#### [Input data]
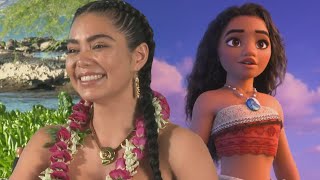 Aulii Cravalho on the Impact of Moana Ahead of Sequel Exclusive [upl. by Aner]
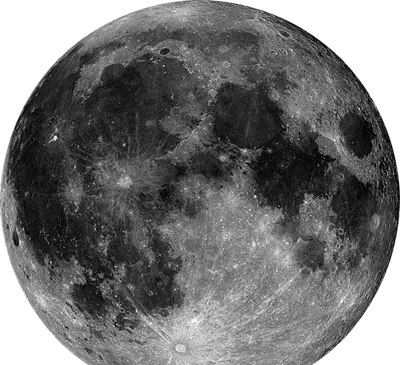 عکس ماه کامل رنگی
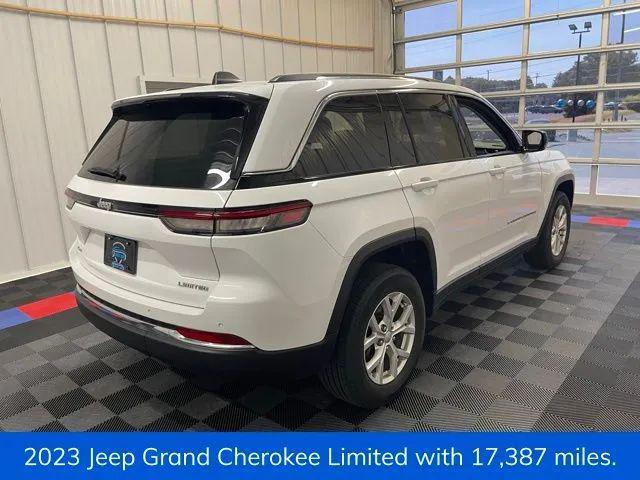 used 2023 Jeep Grand Cherokee car, priced at $36,222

#### [Task to carry out]
Would you set down each line of the listing above exactly, apart from the pictures?

#### [Answer area]
 Aulii Cravalho on the Impact of Moana Ahead of Sequel Exclusive [upl. by Aner]
 عکس ماه کامل رنگی
 used 2023 Jeep Grand Cherokee car, priced at $36,222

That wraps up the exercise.